#### [Task brief]
Reprint all of the data below exactly as shown and skip every image.

++++ Given data

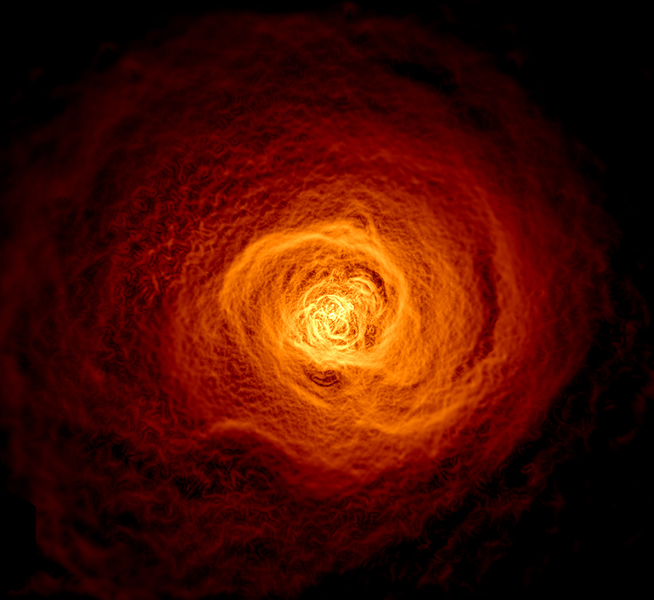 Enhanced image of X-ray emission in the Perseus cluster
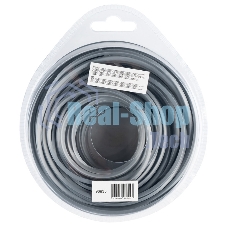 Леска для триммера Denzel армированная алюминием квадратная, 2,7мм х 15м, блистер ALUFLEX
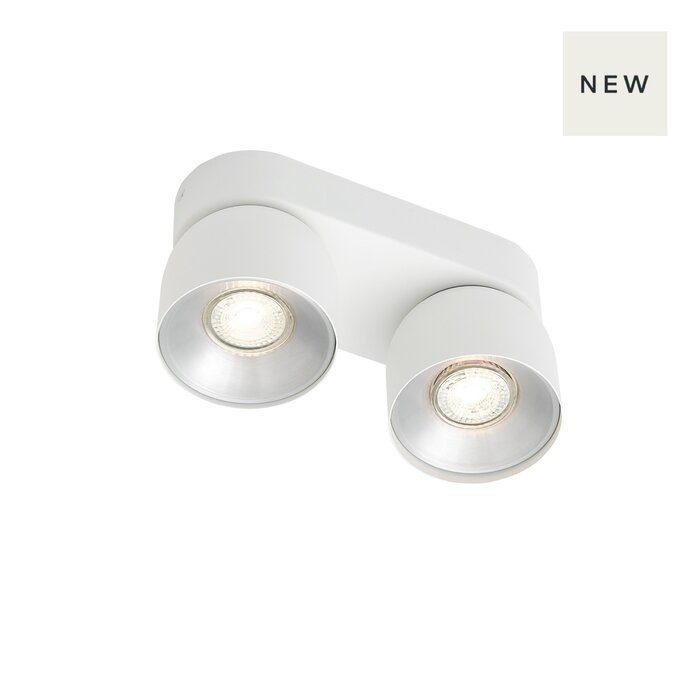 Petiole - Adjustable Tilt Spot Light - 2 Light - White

++++++++

#### [Answer]
 Enhanced image of X-ray emission in the Perseus cluster
 Леска для триммера Denzel армированная алюминием квадратная, 2,7мм х 15м, блистер ALUFLEX
 Petiole - Adjustable Tilt Spot Light - 2 Light - White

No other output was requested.